Hi, I’m having troubles with the Bulk Loader. In particular during the REDUCE phase. Simply can’t get it to perform.
The machine averages about 10% CPU load and 10 MB/s disk IO. That’s a machine with 48 processors and NVMe SSD:s in a raid configuration. The machine is not the limit. Just can’t get the Bulk Loader to make use of it. What could be holding it back?
Have tried many different combinations of --map_shards
, --reduce_shards
, --reducers
& --badger.compression
. Essentially those settings makes no (speed) difference. Is there some other magic switch?
The current tests I’m working on I have 100 rdf.gz
files little more than 800MB each. (This represents about 5% of the total dataset.)
The MAP phase takes about 2h but seems to scale well with the number of available cores and the --num_go_routines
setting. A bigger machine should help here.

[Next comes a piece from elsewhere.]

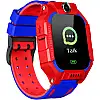 Дитячі розумні смарт годинники Smart Q19 з камерою прослуховування Sim-картою Red Blue (16111-hbr)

The REDUCE phase takes 6-7h and I’m not able to do anything about this.
/Anders
Dgraph version : v20.11.1
Dgraph codename : tchalla-1
Dgraph SHA-256 : cefdcc880c0607a92a1d8d3ba0beb015459ebe216e79fdad613eb0d00d09f134
Commit SHA-1 : 7153d13fe
Commit timestamp : 2021-01-28 15:59:35 +0530
Branch : HEAD
Go version : go1.15.5
jemalloc enabled : true